Александр Кривицкий пишет: "Во время войны я неотвязно перечитывал Лермонтова. Вот кто писал о войне по-военному – никакой условности старинных батальных гравюр, никакой мишуры, сладко питающей воображение недотеп, не нюхавших пороха. И только реальность военной страды, где условия человеческого существования – противоестественны, а превозмогаются лишь великой силой духа. Первые народные характеры на войне принадлежат в русской литературе Лермонтову".

Может быть, и впрямь правда, что ведение "Журнала военных действий" с 6 по 17 июля было поручено Лермонтову.
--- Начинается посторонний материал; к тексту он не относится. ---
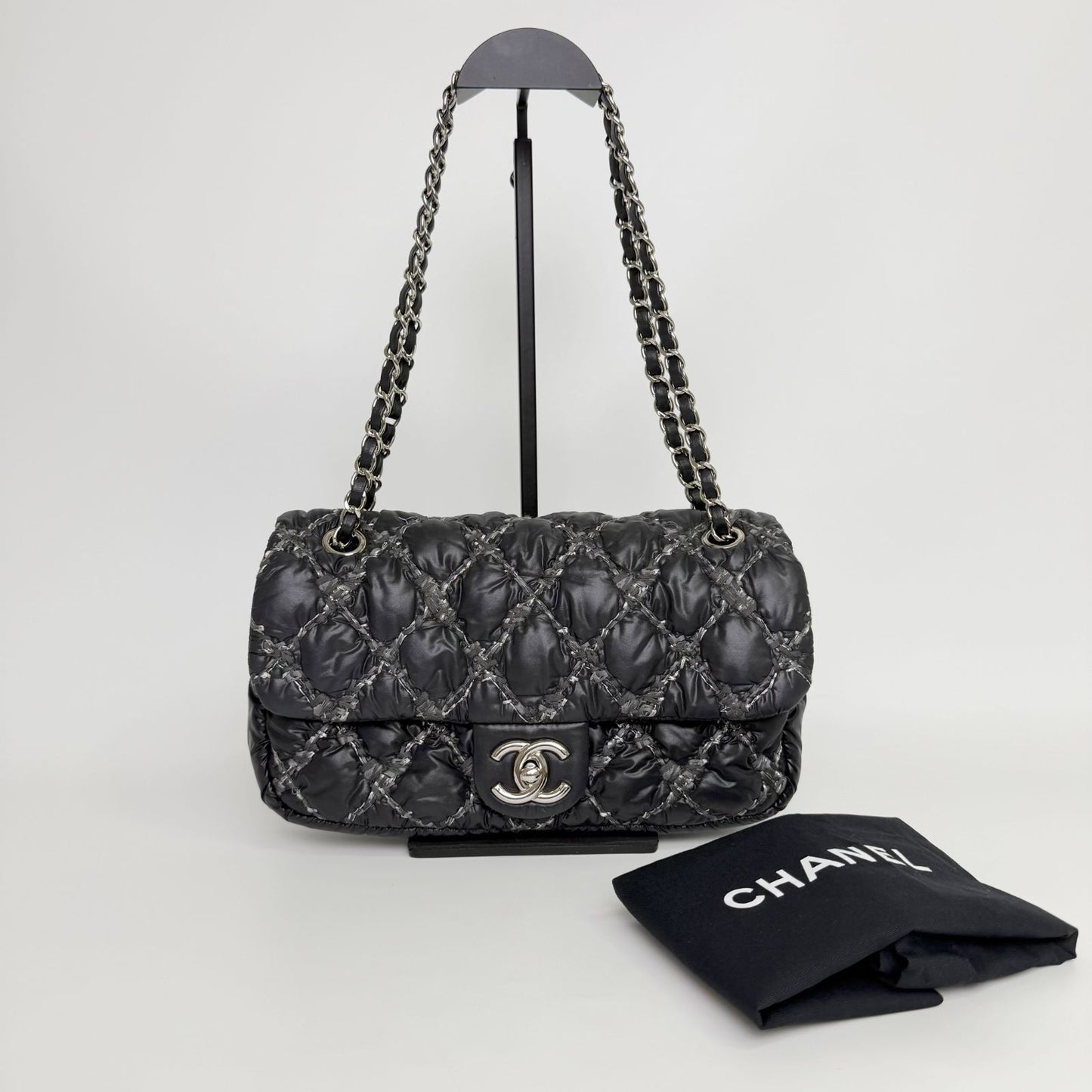 Chanel Quilted Tweed on Stitch Bubble Flap Shoulder Bag Nylon Black Silver Seal — view 3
Может быть, это вовсе не легенда. Кто мог бы, например, написать такие строки:

"Должно отдать также справедливость чеченцам: они исполнили все, чтобы сделать успех наш сомнительным; выбор места, которое они укрепляли завалами в продолжение трех суток, неслыханный дотоле сбор в Чечне… удивительное хладнокровие, с которым они подпускали нас к лесу на самый верный выстрел, неожиданность для нижних чинов этой встречи – все это вместе могло бы поколебать твердость солдата…"

Но следующие строки едва ли принадлежат руке поэта: "Успеху сего дела я вполне обязан распорядительности и мужеству полковых командиров (перечисление) Тенгинского пехотного полка поручика Лермонтова и 19-й артиллерийской бригады прапорщика фон Лоер-Лярского, с коим они переносили все мои приказания войскам в самом пылу сражения в лесистом месте, заслуживают особенного внимания, ибо каждый куст, каждое дерево грозили всякому внезапною смертию". (Напомню – рассказ этот ведется от имени генерала Галафеева.)

"Эти походы, – писал Г. Филипсон, – доставили русской литературе несколько блестящих страниц Лермонтова, но успеху общего дела не помогли…" Я думаю, что это важное и компетентное заключение.

Лермонтов за "дело при Валерике" был представлен к ордену Станислава 3-й степени. Надо отдать должное генералу Галафееву: поначалу он испрашивал более высокую – орден св. Владимира 4-й степени с бантом. Награду снизило высокопоставленное начальство. А еще более высокое – вовсе отказало в награде.